◆ **TASK**: Only one stretch of the data below is wanted: the lines from the one with "Vendo Hyundai I10..." through the one with "東京五輪開会式での日本選手団", repeated exactly.

◆ **INPUT RECORDS**:
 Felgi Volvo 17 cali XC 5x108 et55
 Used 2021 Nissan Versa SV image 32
* * *
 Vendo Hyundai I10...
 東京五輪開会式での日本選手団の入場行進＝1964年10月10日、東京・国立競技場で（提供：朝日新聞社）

◆ **FINISHED TASK**:
 Vendo Hyundai I10...
 東京五輪開会式での日本選手団の入場行進＝1964年10月10日、東京・国立競技場で（提供：朝日新聞社）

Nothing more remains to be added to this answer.